You mean Forged in fire ?


----------



## Graybeard (Aug 12, 2015)

Yes that's the one.
Graybeard


----------



## robert flynt (Aug 12, 2015)

One of the bladesmiths, Murray Carter, on last night is someone I know.


----------



## Foot Patrol (Aug 12, 2015)

I am a weekly viewer. It is entertaining and I have learned a few things but rushing to complete a knife can be hazardous as it was last night when one of the contestants burnt his hand during the quench.

Reactions: Agree 1


----------



## Molokai (Aug 13, 2015)

robert flynt said:


> One of the bladesmiths, Murray Carter, on last night is someone I know.


I think Murray Carter was the fastest and showed lots of experience.


----------



## Graybeard (Aug 13, 2015)

I hadn't thought about why they time it.
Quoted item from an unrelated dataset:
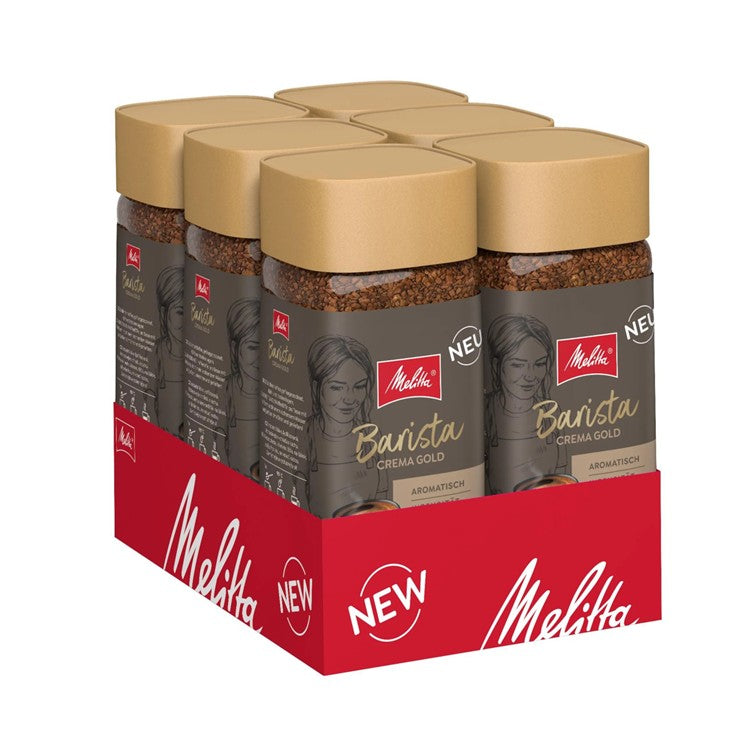 Melitta 6X 200G Barista Instant KaffeeCrema Gold, Löslicher Kaffee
I suppose for production purposes. Not something I'd value in a knife I was going to purchase. I'd rather the maker take their time.
Graybeard


----------



## robert flynt (Aug 13, 2015)

Foot Patrol said:


> I am a weekly viewer. It is entertaining and I have learned a few things but rushing to complete a knife can be hazardous as it was last night when one of the contestants burnt his hand during the quench.
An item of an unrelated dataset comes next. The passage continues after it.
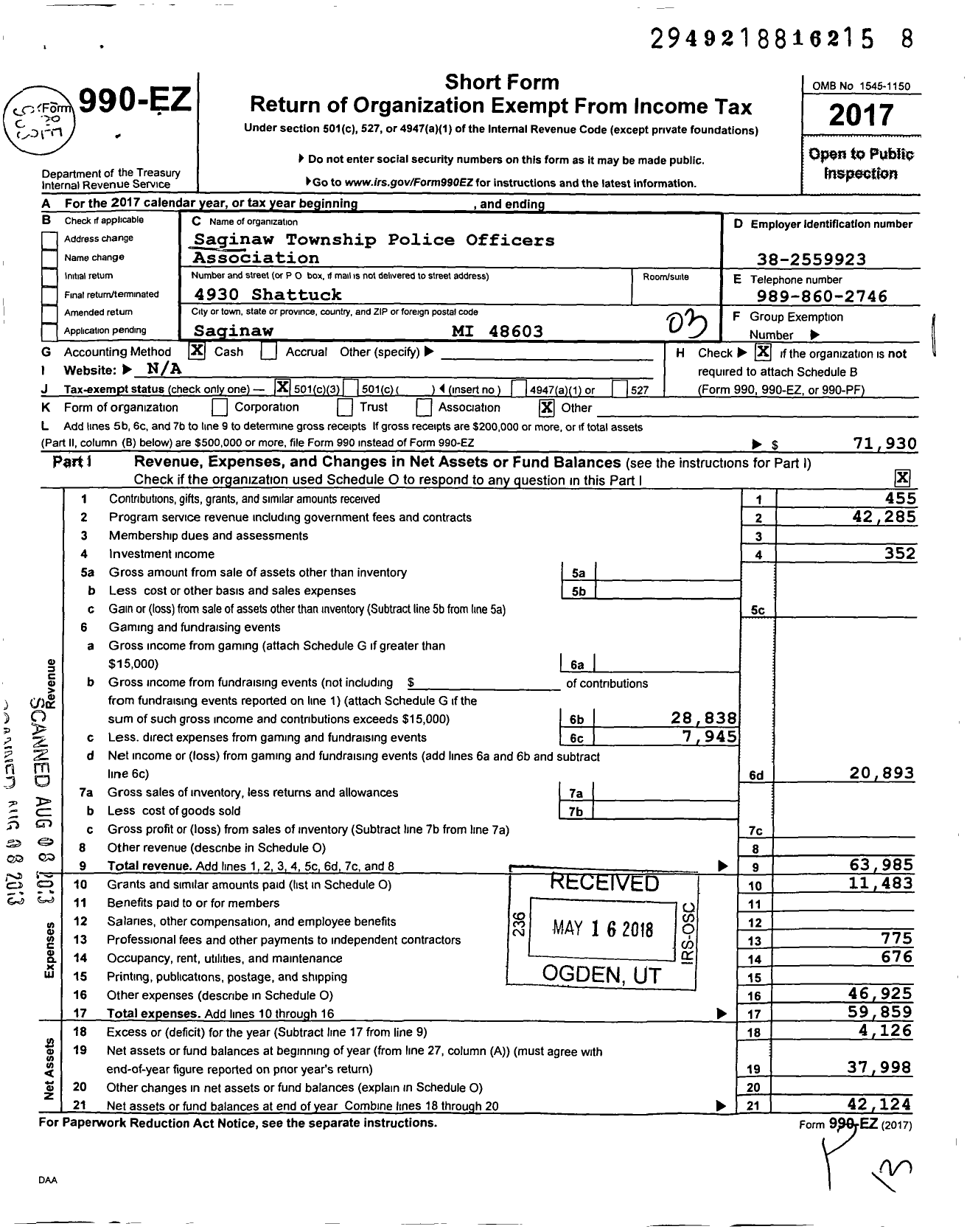 Image of first page of 2017 Form 990EZ for Saginaw Township Police Officers Association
I think the highly flamable oil they provide is for show and should not be used. There are other natural oils such as peanut oil that is less flamable, vegetable oil is more combustable than peanut oil. I prefer man made oil such as Maxium and Parks 50 which are made for heat treating and have inhibitor in them to help prevent flare ups. I have used diesel fuel and transmission fluid which flames up like what ever they are using. Using a smaller diameter guench vessel will help a whole lot. Heck, I use 4" PVC for a quench vessel with no problems. It is a dam shame they would do some thing like this for show and no other season.


----------



## Foot Patrol (Aug 13, 2015)

@robert flynt I agree that they should not be using this quench oil. I have used both Peanut and Canola oil for my quenching and have never seen a flare up like they have on the show. I did not know they could use diesel fuel or transmission fluid. I use a sawed off Keg to quench in but have used a 4 inch tube with peanut oil without problems. 

My only point above was that I would not rush with making a knife as the tools we use can result in serious injury and I want to be as safe as possible. The show knew or gave the impression they knew to the audience that the maker was going to burn himself, yet did nothing to warn him. I did not like this aspect.


----------